This is the summary of the results as I read it, please verify if I got it right and if I forgot something:

API case-insensitive categories without page ignores missing non-alphanumerics matches partial words matches in the middle of category name / missing words skips hidden skips renamed / moved
UW ✔️ ✔️
app1 ✔️ ✔️ ✔️
app2 ✔️ ✔️ ✔️
Legend: API shortnames (used for display formatting reasons)

@mnalis
Copy link
Contributor

mnalis commented Jun 3, 2024

@sivaraam can you give insight when is app1 (generator=search) being used, and when app2 (generator=allcategories)? Are their results simply merged when user searches for category of their picture, or something else?

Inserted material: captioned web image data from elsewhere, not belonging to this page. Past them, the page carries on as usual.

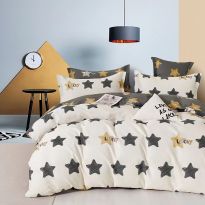 Lenjerie pat dublu 6 piese Percale Bumbac 100%, 6 piese, cu husa saltea 160x200 sau 180x200 cm, pilota 200x230 cm, 2 fete perna 50x70 cm si 70x70 cm, Stele Galben / Gri, Pucioasa
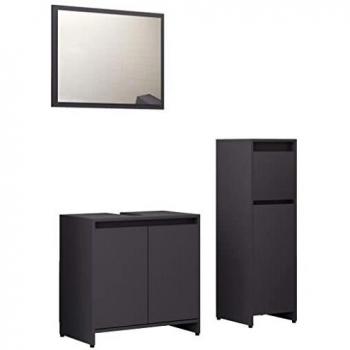 Muebles de baño 3 piezas aglomerado gris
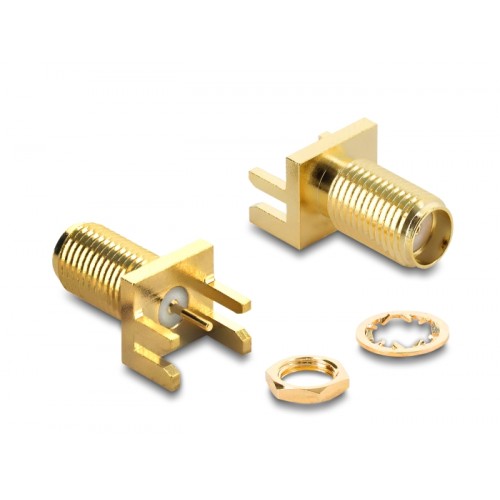 Delock SMA end launch jack straight at printed circuit board up to 1.7 mm thread length 9 mm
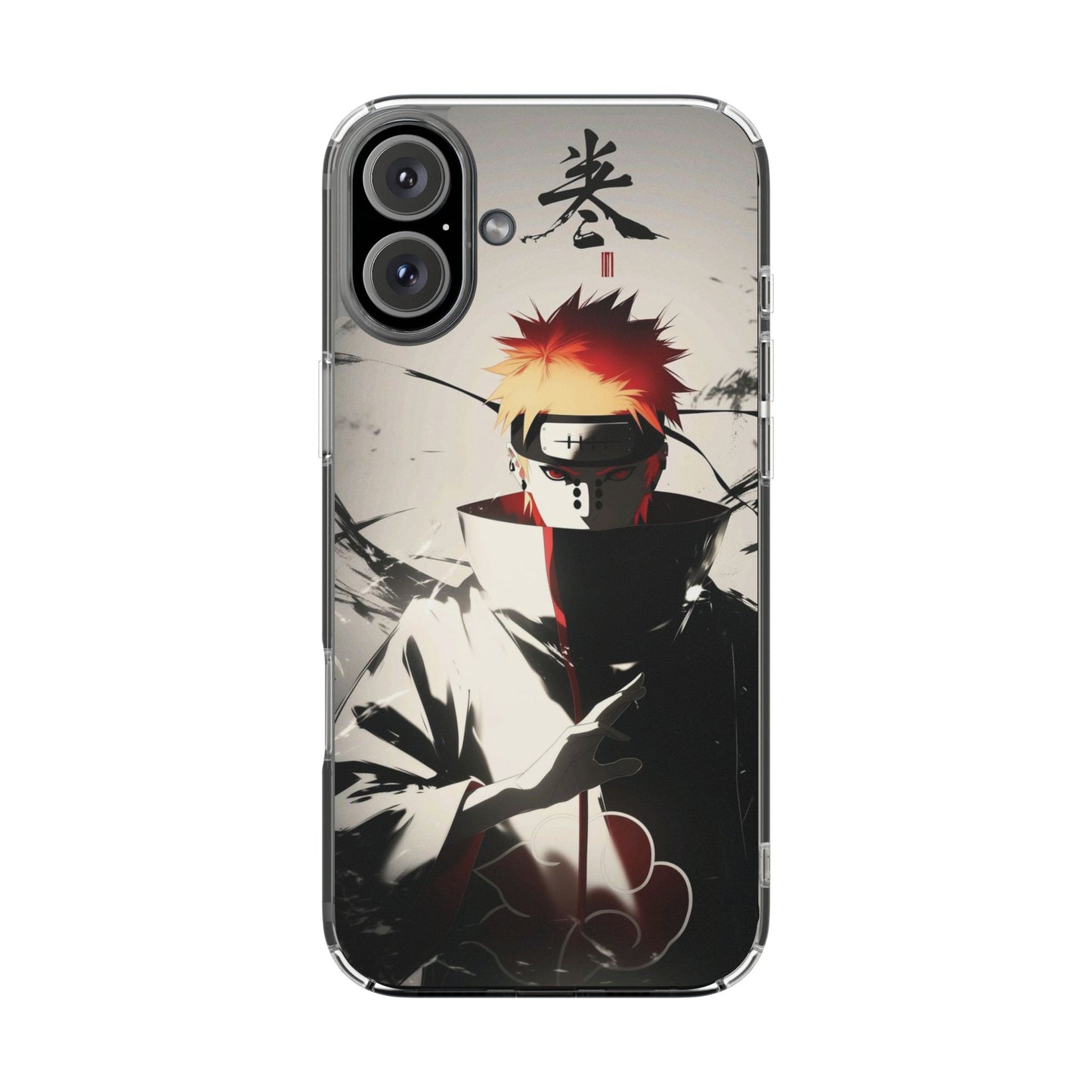 Clear Impact-Resistant Phone Case — Anime Akatsuki Shadow Design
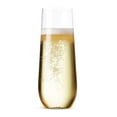 thumbnail image 6 of 48 Pack Stemless Plastic Champagne Flutes Disposable 9 Oz Clear Plastic Toasting Glasses Shatterproof Recyclable and BPA-Free, 6 of 7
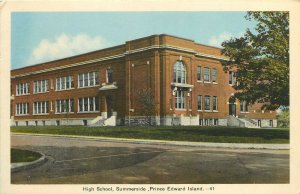 Vintage Postcard; High School, Summerside, Prince Edward Island Canada Unposted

It would seem to me that each of the 3 APIs have their own distinct advantages.

The best results for the end user would be merging all three outputs (while removing duplicates), were it not for that skips hidden column. Obviously unions does not work well with exclusions... I might have some ideas, but would like your explanation about current usage of app1 vs. app2 above.

@sivaraam
Copy link
Member

sivaraam commented Jun 3, 2024

@sivaraam can you give insight when is app1 (generator=search) being used,

From my reading of the code, the app1 is used for category suggestions that show up in "Step 3" of the upload step. Specifically, that API is used for suggesting categories based on the caption entered by the user.

and when app2 (generator=allcategories)?

This is the one that we use when a user types in text to search for categories in "Step 3" of the upload step. That's why the search behaves case-sensitively and only returns when the exact prefix is searched for.

Are their results simply merged when user searches for category of their picture, or something else?

Nope. The results aren't merged now. They are used for different cases as my answer above should've hopefully clarified.

The best results for the end user would be merging all three outputs (while removing duplicates), were it not for that skips hidden column. Obviously unions does not work well with exclusions...

You're spot on. Actually, we don't even need to merge the three outputs. If we observe closely, just combining the results of app1 and app2 would address the troubles we have. The only thing stopping us from doing a union of those API results is the "skips hidden" part that you mention.

I might have some ideas, but would like your explanation about current usage of app1 vs. app2 above.

I hope my explanation gave you an idea. I'm all ears on your ideas 🙂

@mnalis
Copy link
Contributor

mnalis commented Jun 3, 2024

I hope my explanation gave you an idea. I'm all ears on your ideas 🙂

Thanks @sivaraam indeed it has been quite informative! Here is my idea:

  • when the user types a text to search for a category in "Step 3" of the upload, we first invoke app2 as we do now, giving user the list without hidden categories. However, if the user scrolls down to the end of that list, we immediately show a loading spinner animation, and then do an automatic request to fetch app1 results, which we then append (after removing duplicates) to the end of the existing list and return control to the user to select category.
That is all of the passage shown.